Своей знакомой А. Верещагиной весной 1835 г. Лермонтов весьма цинично объясняет свое поведение:
«Я публично обращался с нею, как с личностью, всегда мне близкою, давал ей чувствовать, что только таким образом она может надо мною властвовать. Когда я заметил, что мне это удалось и что еще один дальнейший шаг погубит меня, я выкинул маневр. Прежде всего, в глазах света, стал более холодным к ней, чтобы показать, что я ее более не люблю, а что она меня обожает (что в сущности не имело места). Когда она стала замечать это и пыталась сбросить ярмо, я первый ее публично покинул. Я в глазах света стал с нею жесток и дерзок, насмешлив и холоден. Я стал ухаживать за другими и под секретом рассказывать им те стороны, которые представлялись в мою пользу… Далее она попыталась вновь завлечь меня напускною печалью, рассказывая всем близким моим знакомым, что любит меня; я не вернулся к ней, а искусно всем этим пользовался». И далее: «Я понял, что желая словить меня, она легко себя скомпрометирует. Вот я ее и скомпрометировал насколько было возможно, не скомпрометировав самого себя» (ГиК 1998: 127).
Каково самодовольство! И чем хвастает!
В это время тетка Кати получает анонимное письмо якобы от неизвестного, где Лермонтов описан самыми черными красками. Он уже обольстил, мол, одну девушку и бросил. В письме говорится, что Катю ожидает та же участь. «Поверьте, он недостоин вас. Для него нет ничего святого, он никого не любит. Его господствующая страсть: господствовать над всеми и не щадить никого для удовлетворения своего самолюбия». «Нам стоило бросить взгляд, чтобы узнать руку Лермонтова», — вспоминает подруга Кати Е. Лодыженская. — Обе мы и в разное время, сколько перевидали в Москве лоскутков бумаги с его стихотворными опытами… В один миг Екатерина Александровна придавила мне ногу: «молчи!» — дескать. Я ничего не сказала». А сам Лермонтов сознается Верещагиной: «Я искусно направил письмо так, что оно попало в руки тетки. В доме гром и молния…». Ему было отказано от дома (ГиК 1998: 129–135).

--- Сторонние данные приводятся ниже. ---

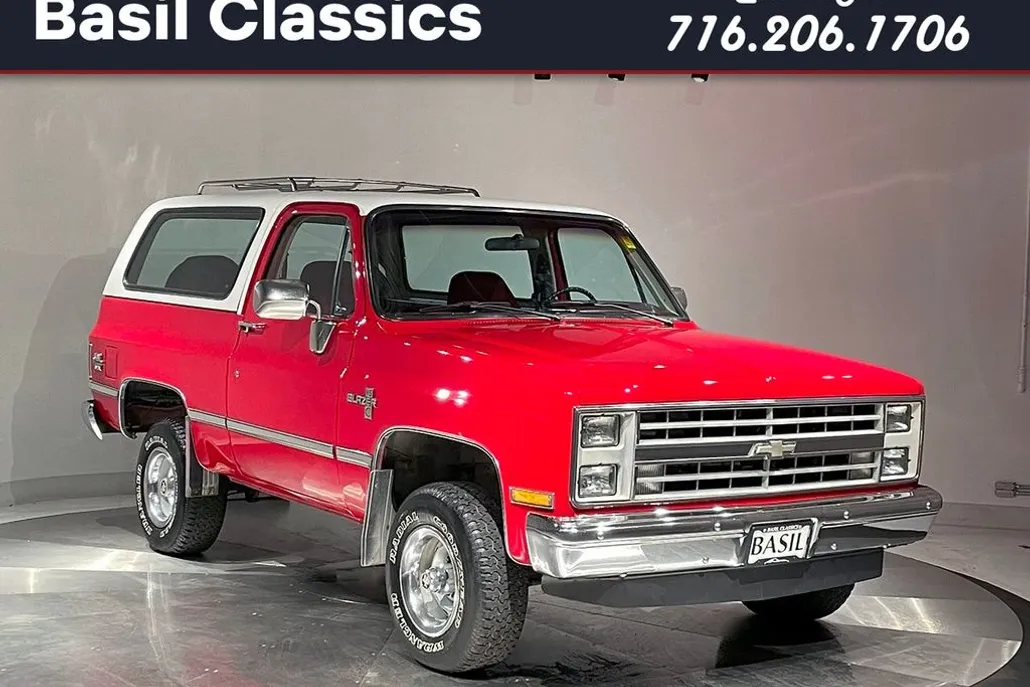 1987 Chevrolet Blazer Base photo 1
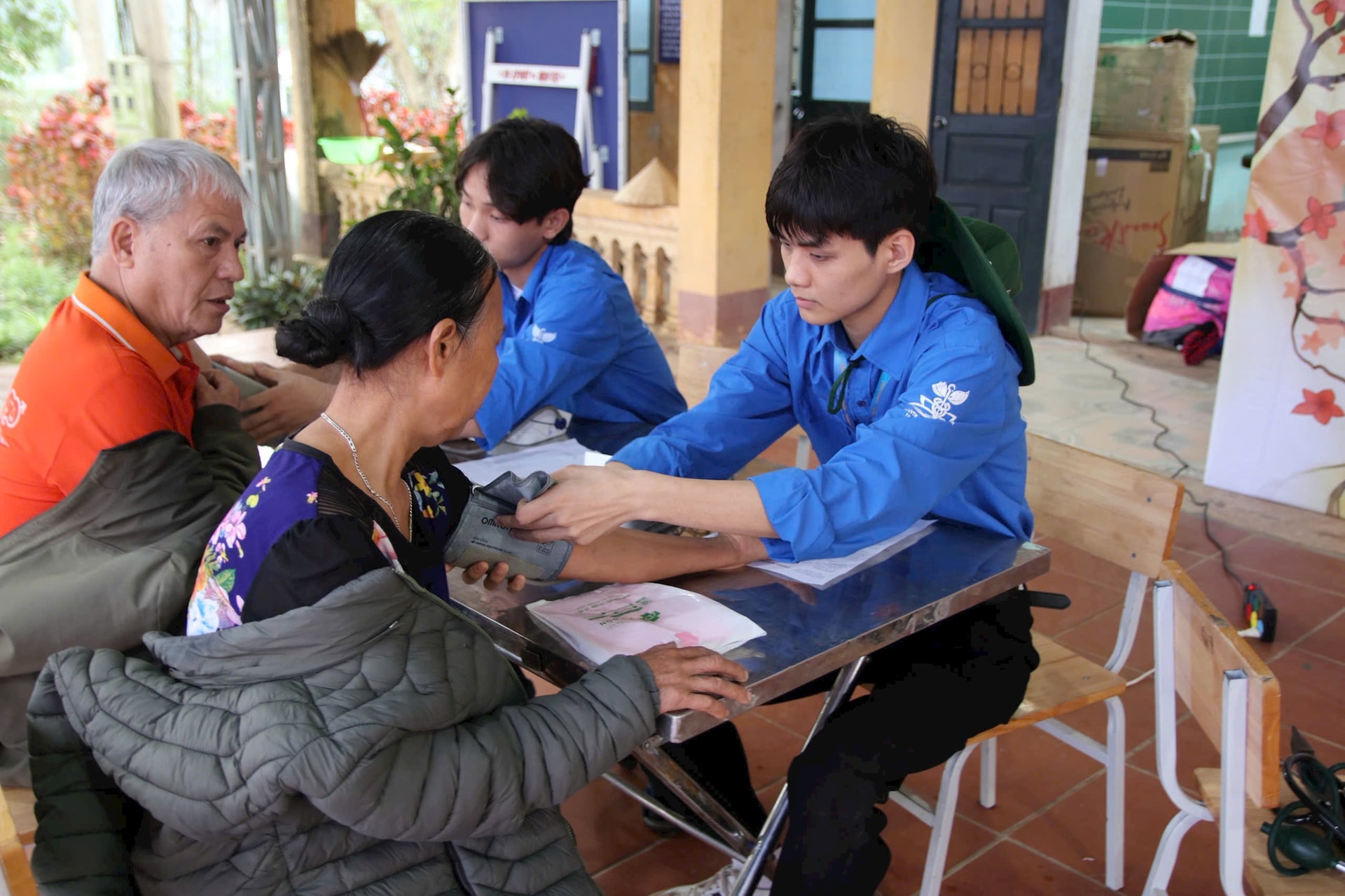 Tuổi trẻ phường Kim Liên lan tỏa yêu thương từ chuyến khám bệnh miễn phí- Ảnh 1.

В «Княгине Лиговской» вся эта история пересказана весьма близко к действительности. Через два года Катя Сушкова вышла замуж за своего давнего поклонника А. В. Хвостова. Лермонтов, будучи шафером жениха, поспешил прежде молодых в дом жениха и рассыпал из солонки соль по полу. «Пусть молодые новобрачные ссорятся и враждуют всю жизнь» — объяснил он это присутствовавшим (ГиК 1998: 141).
И завершающий штрих. Как пишет М. Семевский, «Будучи женихом Щербатовой и в то же время избегая брака, Лермонтов на коленях умолял свою бабку Арсеньеву не позволять ему жениться» (ГиК 1998: 142).
Из этих романов мы видим, что любовь Лермонтова к женщинам была непрочной, чаще напускной и рассчитанной на создание романтического образа. Графиня Е. П. Ростопчина, умная и наблюдательная женщина, писала о Лермонтове: «Веселая холостая жизнь не препятствовала ему посещать и общество, где он забавлялся тем, что сводил с ума женщин, с целью потом покидать их и оставлять в тщетном ожидании; другая забава была расстройство партий, находящихся в зачатке, и для того он представлял из себя влюбленного в продолжение нескольких дней…» (ГиК 1998: 115–116). На вопрос о том, зачем он интригует женщин, Лермонтов отвечал: «Я изготавливаю на деле материалы для будущих моих сочинений» (ГиК 1998: 116). Возлюбленные были для него скорее предметом холодного исследования, а также удовлетворения физиологических потребностей, чем душевной привязанностью. Издателю Краевскому он рассказывал, что перестал ходить в бордель: незачем, когда светские дамы могут заменить тамошних девиц (ГиК 1998: 236). Белинский сказал после бесед с ним: «Женщин ругает: одних за то, что дают, других за то, что не дают… Пока для него женщина и давать одно и то же» (ГиК 143).